*What to do*. In the records below, begin at the line that has "curso-online-mujer-amor-y-libertad-4 La Mujer" and stop after the line that has "Xenoworld3tank"; quote those lines verbatim and nothing more.

(Data excerpts)

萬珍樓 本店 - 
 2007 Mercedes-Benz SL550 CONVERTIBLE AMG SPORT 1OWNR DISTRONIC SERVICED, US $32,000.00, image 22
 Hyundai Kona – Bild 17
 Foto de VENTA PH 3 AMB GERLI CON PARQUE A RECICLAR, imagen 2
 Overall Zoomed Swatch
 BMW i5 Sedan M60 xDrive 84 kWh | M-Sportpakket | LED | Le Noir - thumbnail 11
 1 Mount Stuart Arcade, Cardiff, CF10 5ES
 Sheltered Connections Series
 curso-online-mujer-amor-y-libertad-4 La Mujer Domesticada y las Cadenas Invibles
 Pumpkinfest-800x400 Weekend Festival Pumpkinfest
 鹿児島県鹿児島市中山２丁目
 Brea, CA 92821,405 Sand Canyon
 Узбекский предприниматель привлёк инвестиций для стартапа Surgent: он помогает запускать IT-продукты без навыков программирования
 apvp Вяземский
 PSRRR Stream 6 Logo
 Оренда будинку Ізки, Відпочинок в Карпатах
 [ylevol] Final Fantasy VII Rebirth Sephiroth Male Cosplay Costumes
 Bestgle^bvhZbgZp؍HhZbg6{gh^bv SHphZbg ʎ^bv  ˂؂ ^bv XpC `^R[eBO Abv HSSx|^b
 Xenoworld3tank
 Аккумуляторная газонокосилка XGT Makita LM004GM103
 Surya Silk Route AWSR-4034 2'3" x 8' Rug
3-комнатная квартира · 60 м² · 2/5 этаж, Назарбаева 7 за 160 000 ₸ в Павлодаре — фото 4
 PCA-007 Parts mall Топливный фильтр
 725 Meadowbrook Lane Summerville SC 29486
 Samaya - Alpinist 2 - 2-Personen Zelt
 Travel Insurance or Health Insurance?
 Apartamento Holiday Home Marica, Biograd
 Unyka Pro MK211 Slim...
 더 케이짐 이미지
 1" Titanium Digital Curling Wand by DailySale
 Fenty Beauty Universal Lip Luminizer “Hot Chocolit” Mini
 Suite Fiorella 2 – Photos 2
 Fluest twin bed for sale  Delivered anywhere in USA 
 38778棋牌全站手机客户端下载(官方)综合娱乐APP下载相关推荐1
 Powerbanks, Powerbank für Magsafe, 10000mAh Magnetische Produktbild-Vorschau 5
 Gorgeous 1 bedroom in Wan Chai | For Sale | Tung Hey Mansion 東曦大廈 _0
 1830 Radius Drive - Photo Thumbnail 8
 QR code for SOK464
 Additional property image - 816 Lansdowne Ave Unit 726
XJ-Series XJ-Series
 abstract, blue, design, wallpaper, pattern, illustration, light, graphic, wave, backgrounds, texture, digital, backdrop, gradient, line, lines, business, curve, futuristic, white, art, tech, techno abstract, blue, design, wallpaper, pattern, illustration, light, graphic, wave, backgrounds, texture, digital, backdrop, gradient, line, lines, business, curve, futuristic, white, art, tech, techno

(End Data excerpts)

*Response below*.
 curso-online-mujer-amor-y-libertad-4 La Mujer Domesticada y las Cadenas Invibles
 Pumpkinfest-800x400 Weekend Festival Pumpkinfest
 鹿児島県鹿児島市中山２丁目
 Brea, CA 92821,405 Sand Canyon
 Узбекский предприниматель привлёк инвестиций для стартапа Surgent: он помогает запускать IT-продукты без навыков программирования
 apvp Вяземский
 PSRRR Stream 6 Logo
 Оренда будинку Ізки, Відпочинок в Карпатах
 [ylevol] Final Fantasy VII Rebirth Sephiroth Male Cosplay Costumes
 Bestgle^bvhZbgZp؍HhZbg6{gh^bv SHphZbg ʎ^bv  ˂؂ ^bv XpC `^R[eBO Abv HSSx|^b
 Xenoworld3tank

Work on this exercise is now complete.